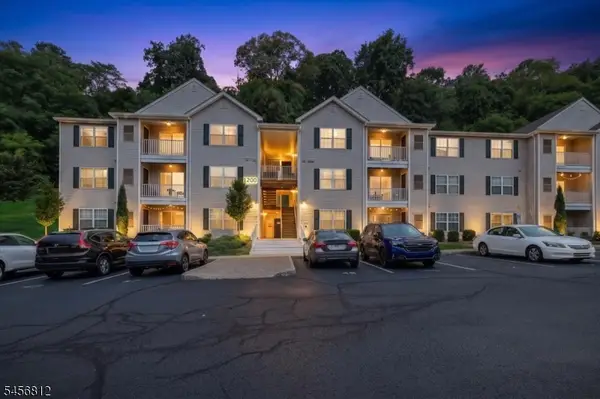 1233 King Ct, Green Brook Twp., NJ 08812
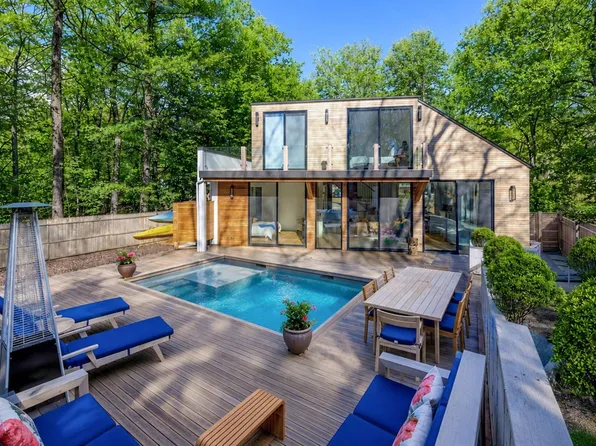 12 Maidstone Park Rd, East Hampton, NY 11937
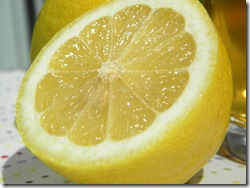 Can't have iced tea without some lemon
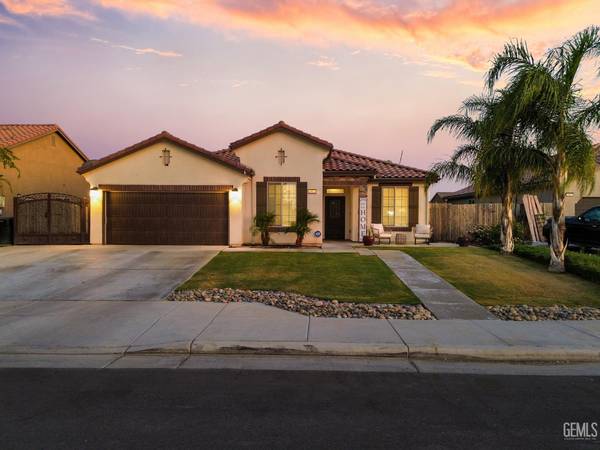 5913 Blue Spruce Avenue, Bakersfield, CA 93313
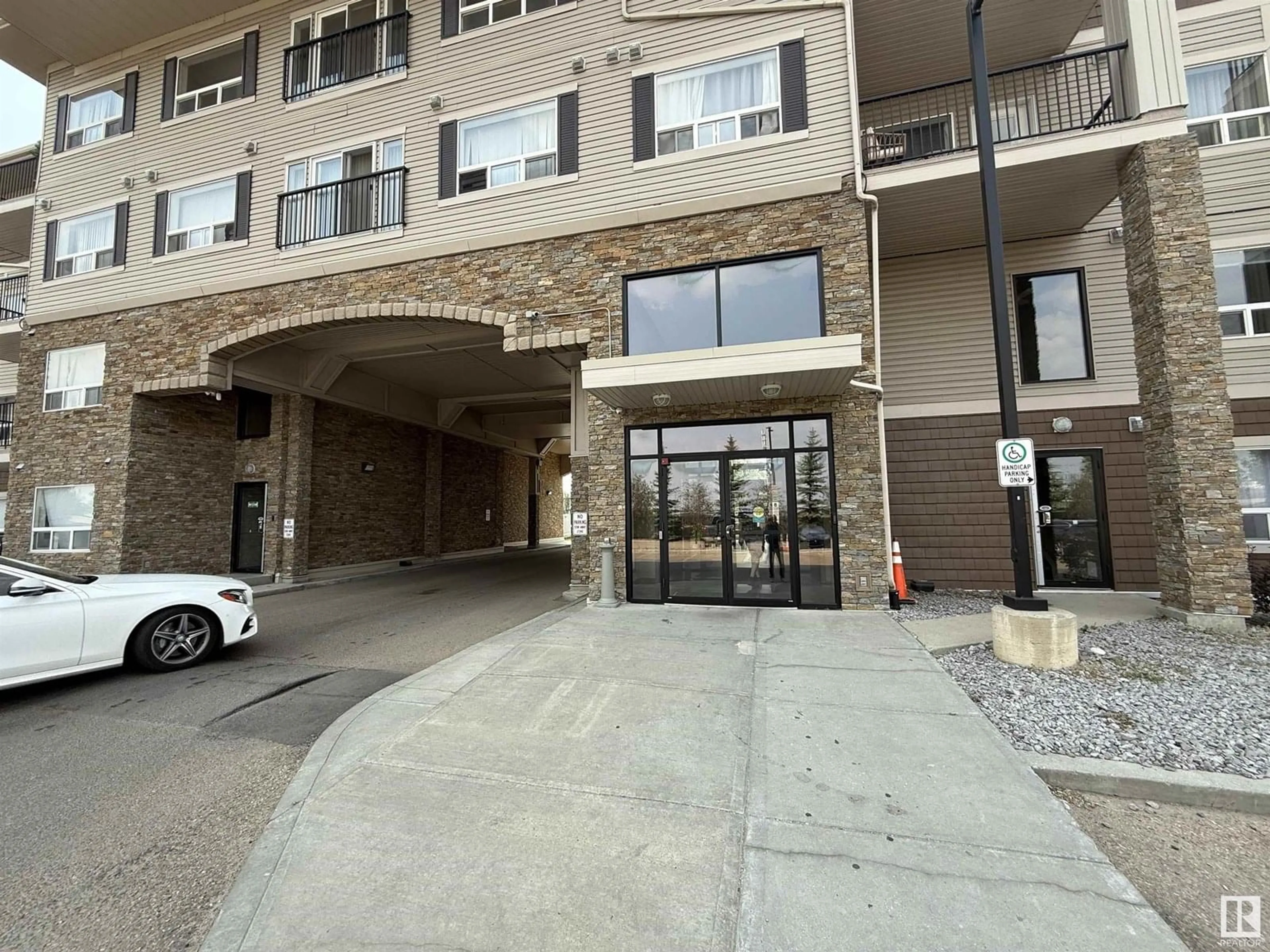 Indoor foyer for #212 - 1520 HAMMOND GATE GA, Edmonton Alberta T6M0J4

---

_What you are asked to do_. Give back the material above exactly as it appears, minus the pictures.

_Output below_.
 1233 King Ct, Green Brook Twp., NJ 08812
 12 Maidstone Park Rd, East Hampton, NY 11937
 Can't have iced tea without some lemon
 5913 Blue Spruce Avenue, Bakersfield, CA 93313
 Indoor foyer for #212 - 1520 HAMMOND GATE GA, Edmonton Alberta T6M0J4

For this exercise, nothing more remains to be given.